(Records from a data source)

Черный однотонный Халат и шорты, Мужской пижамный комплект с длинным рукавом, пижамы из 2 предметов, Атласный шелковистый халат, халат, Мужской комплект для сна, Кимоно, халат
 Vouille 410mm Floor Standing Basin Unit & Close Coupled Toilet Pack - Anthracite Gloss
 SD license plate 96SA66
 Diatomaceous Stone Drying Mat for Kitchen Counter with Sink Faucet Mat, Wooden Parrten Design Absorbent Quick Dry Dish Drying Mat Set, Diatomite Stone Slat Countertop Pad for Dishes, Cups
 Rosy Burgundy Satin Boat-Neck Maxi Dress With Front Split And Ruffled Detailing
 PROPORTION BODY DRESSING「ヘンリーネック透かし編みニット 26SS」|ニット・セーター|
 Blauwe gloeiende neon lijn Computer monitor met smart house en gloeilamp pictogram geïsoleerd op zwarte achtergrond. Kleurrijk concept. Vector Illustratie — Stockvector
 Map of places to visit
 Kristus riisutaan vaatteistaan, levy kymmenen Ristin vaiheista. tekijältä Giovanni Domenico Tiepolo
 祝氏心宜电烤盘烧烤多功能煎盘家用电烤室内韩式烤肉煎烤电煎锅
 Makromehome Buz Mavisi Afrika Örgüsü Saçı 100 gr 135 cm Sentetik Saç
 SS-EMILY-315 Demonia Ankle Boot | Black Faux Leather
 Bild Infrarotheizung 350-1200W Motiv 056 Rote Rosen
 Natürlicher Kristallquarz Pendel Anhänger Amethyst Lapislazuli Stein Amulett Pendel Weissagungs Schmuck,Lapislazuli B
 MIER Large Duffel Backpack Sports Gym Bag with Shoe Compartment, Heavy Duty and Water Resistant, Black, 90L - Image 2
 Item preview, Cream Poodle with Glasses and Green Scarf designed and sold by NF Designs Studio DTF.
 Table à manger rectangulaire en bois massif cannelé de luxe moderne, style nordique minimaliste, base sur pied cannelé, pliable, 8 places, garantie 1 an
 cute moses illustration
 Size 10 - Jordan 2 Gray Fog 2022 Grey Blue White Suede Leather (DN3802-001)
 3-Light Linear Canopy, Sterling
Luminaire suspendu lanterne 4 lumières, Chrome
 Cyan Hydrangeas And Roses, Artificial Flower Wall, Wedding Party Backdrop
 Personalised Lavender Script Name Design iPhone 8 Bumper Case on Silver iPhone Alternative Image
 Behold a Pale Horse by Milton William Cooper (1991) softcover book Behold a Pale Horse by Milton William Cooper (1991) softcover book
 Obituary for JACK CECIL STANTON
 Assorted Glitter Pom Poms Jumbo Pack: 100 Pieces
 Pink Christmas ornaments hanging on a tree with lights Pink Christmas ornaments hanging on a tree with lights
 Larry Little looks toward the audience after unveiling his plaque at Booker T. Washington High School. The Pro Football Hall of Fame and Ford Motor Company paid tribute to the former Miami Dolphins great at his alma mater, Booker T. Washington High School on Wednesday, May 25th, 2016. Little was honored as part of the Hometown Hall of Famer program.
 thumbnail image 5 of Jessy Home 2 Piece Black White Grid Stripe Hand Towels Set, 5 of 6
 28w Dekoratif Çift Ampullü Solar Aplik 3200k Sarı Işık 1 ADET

The task
The line above containing "Bild Infrarotheizung 350-1200W", the line containing "Pink Christmas ornaments hanging on a tree with lights Pink", and every line between them are to be transcribed exactly; no other line is wanted.

Result of this task
 Bild Infrarotheizung 350-1200W Motiv 056 Rote Rosen
 Natürlicher Kristallquarz Pendel Anhänger Amethyst Lapislazuli Stein Amulett Pendel Weissagungs Schmuck,Lapislazuli B
 MIER Large Duffel Backpack Sports Gym Bag with Shoe Compartment, Heavy Duty and Water Resistant, Black, 90L - Image 2
 Item preview, Cream Poodle with Glasses and Green Scarf designed and sold by NF Designs Studio DTF.
 Table à manger rectangulaire en bois massif cannelé de luxe moderne, style nordique minimaliste, base sur pied cannelé, pliable, 8 places, garantie 1 an
 cute moses illustration
 Size 10 - Jordan 2 Gray Fog 2022 Grey Blue White Suede Leather (DN3802-001)
 3-Light Linear Canopy, Sterling
Luminaire suspendu lanterne 4 lumières, Chrome
 Cyan Hydrangeas And Roses, Artificial Flower Wall, Wedding Party Backdrop
 Personalised Lavender Script Name Design iPhone 8 Bumper Case on Silver iPhone Alternative Image
 Behold a Pale Horse by Milton William Cooper (1991) softcover book Behold a Pale Horse by Milton William Cooper (1991) softcover book
 Obituary for JACK CECIL STANTON
 Assorted Glitter Pom Poms Jumbo Pack: 100 Pieces
 Pink Christmas ornaments hanging on a tree with lights Pink Christmas ornaments hanging on a tree with lights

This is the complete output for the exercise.